Buffett’s decision, while interesting, isn’t novel. It’s been happening here since the establishment in 1945 of The Pittsburgh Foundation. As the region’s only community foundation, it is for donors of almost any scope who want professional oversight of money they dedicate to benefit local people and projects. The Pittsburgh Foundation has quietly grown to $684 million.
On the subject of putting capital to good use, somebody in this city should be finding an unbeatable opportunity for the kind of human capital embodied by University of Pittsburgh senior Adam Iddriss. People who know him say the 21-year-old East Liberty resident is one of the smartest guys around town. There’s some agreement on that beyond the city, too, as Iddriss recently received the nationally prestigious Truman Scholarship.

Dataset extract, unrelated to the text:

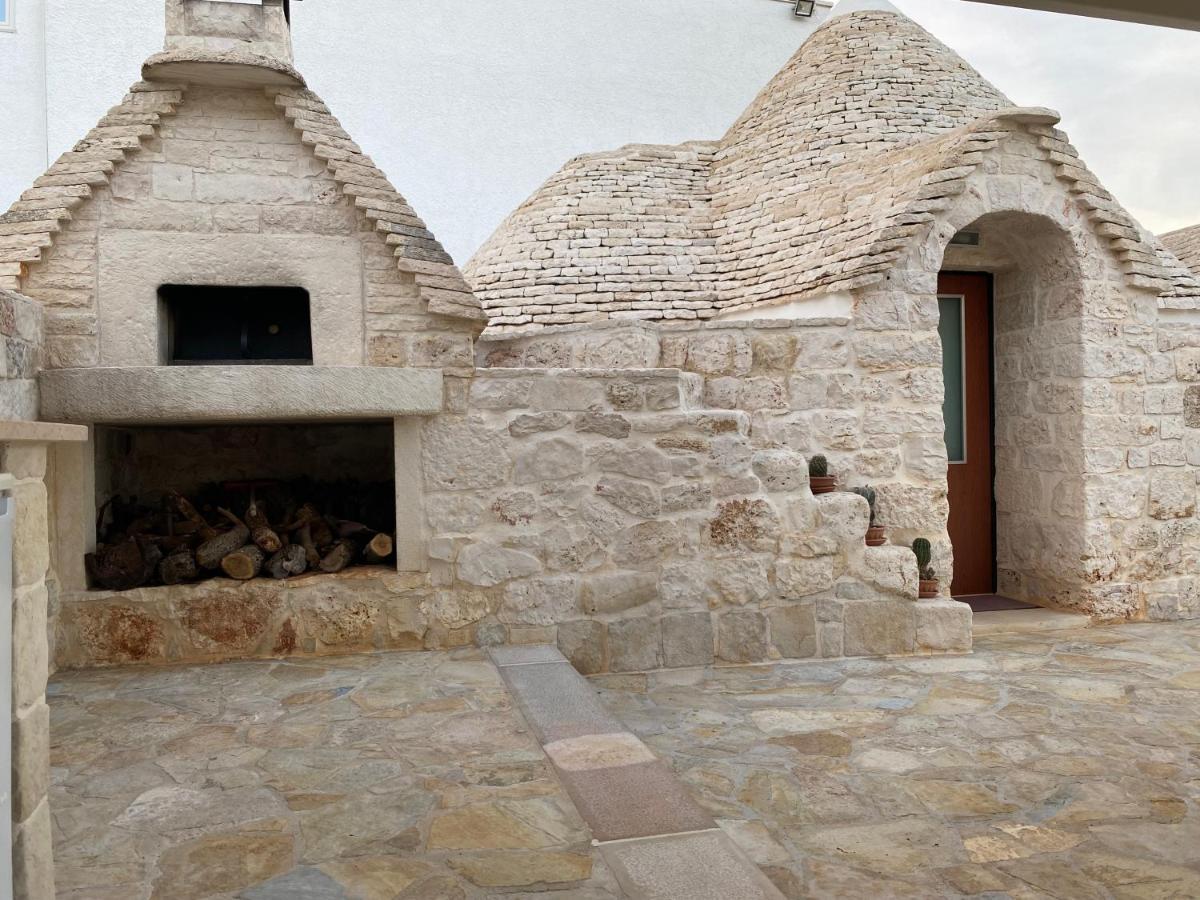 Trulli Del Relax Villa Castellana Grotte Bagian luar foto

His academic prowess is matched by public service. As president of Pitt’s Golden Key International Honour Society, he has furthered local work with Family House, mentored Peabody High students and helped create international projects with organizations in Malaysia and the Virgin Islands. He just returned from two months in Tanzania with the Engineering World Health Summer Institute.
His accomplishments go on and on, but what of the future?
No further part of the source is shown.